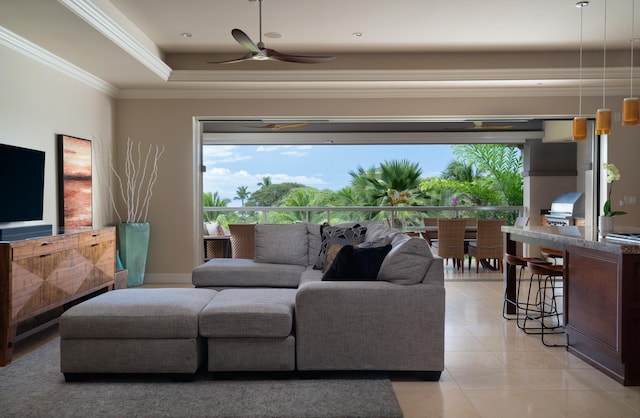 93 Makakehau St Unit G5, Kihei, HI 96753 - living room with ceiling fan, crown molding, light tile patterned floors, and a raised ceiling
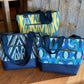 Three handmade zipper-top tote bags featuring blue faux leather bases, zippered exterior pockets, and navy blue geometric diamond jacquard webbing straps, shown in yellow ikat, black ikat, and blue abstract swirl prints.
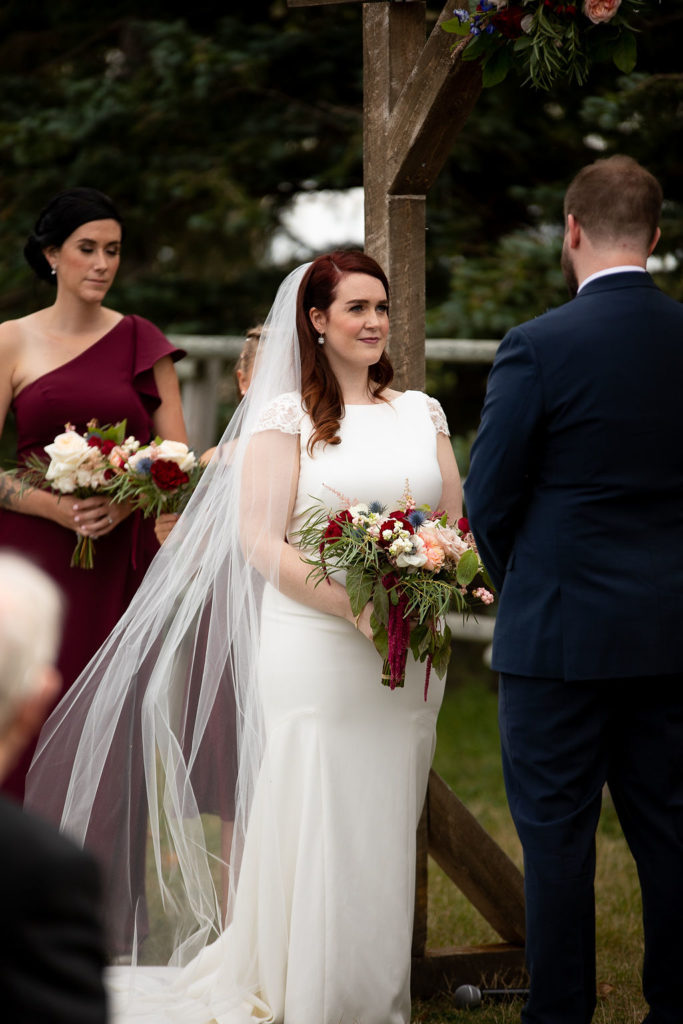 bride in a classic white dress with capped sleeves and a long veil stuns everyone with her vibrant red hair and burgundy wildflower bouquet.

* * *

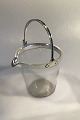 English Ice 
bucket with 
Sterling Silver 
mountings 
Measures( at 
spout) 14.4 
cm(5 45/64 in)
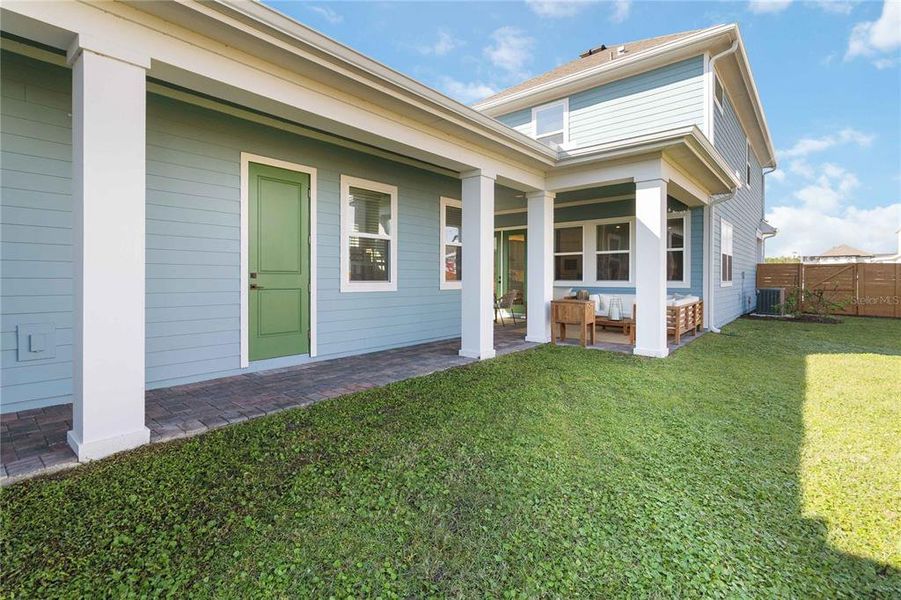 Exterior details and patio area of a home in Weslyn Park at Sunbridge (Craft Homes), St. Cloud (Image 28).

- **Exercise brief**
From the records above, transcribe exactly the lines starting at the one containing "bucket with" and ending at the one containing "Exterior details and". Skip the pictures.

- **Output for this exercise**
bucket with 
Sterling Silver 
mountings 
Measures( at 
spout) 14.4 
cm(5 45/64 in)
 Exterior details and patio area of a home in Weslyn Park at Sunbridge (Craft Homes), St. Cloud (Image 28).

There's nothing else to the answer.